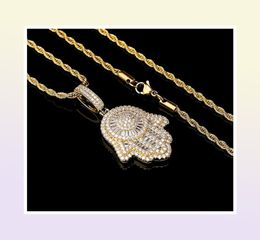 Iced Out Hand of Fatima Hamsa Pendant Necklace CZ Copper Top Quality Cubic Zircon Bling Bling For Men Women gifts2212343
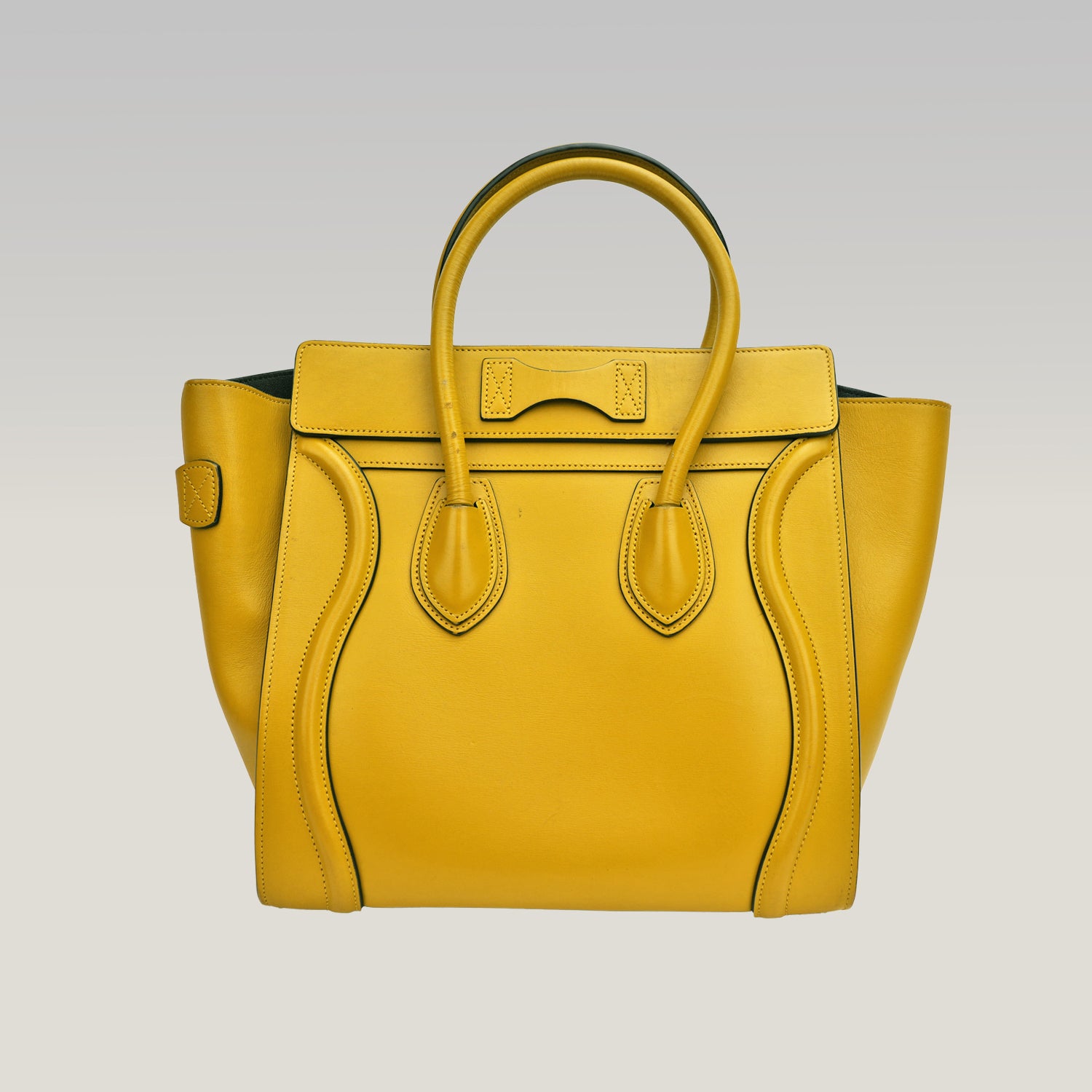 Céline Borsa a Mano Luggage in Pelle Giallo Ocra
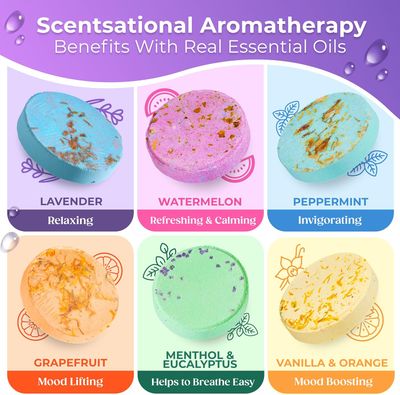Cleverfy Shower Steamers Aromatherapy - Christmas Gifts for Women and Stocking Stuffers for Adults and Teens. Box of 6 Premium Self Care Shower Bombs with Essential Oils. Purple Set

--

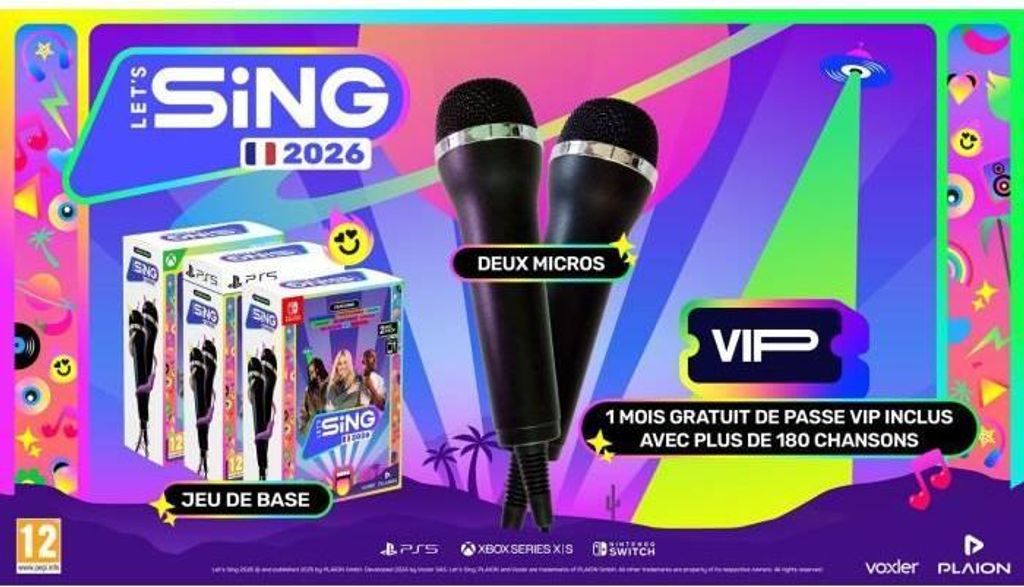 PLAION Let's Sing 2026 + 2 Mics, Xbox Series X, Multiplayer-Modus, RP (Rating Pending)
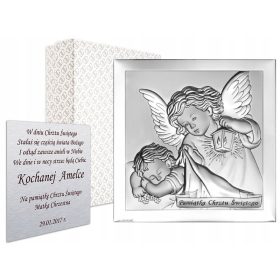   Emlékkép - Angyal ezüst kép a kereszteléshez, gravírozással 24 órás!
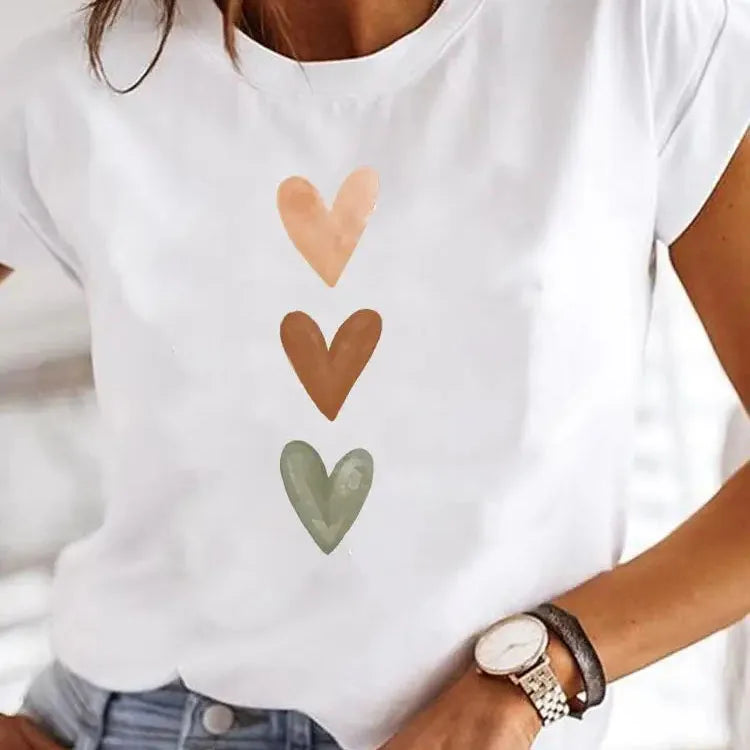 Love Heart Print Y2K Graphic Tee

● **Task item**:
From the records above, write out exactly the lines that begin at the line with "PLAION Let's Sing" and end at the line with "Love Heart Print Y2K Graphic Tee". Pictures must not appear in the output.

● **Your response**:
 PLAION Let's Sing 2026 + 2 Mics, Xbox Series X, Multiplayer-Modus, RP (Rating Pending)
   Emlékkép - Angyal ezüst kép a kereszteléshez, gravírozással 24 órás!
 Love Heart Print Y2K Graphic Tee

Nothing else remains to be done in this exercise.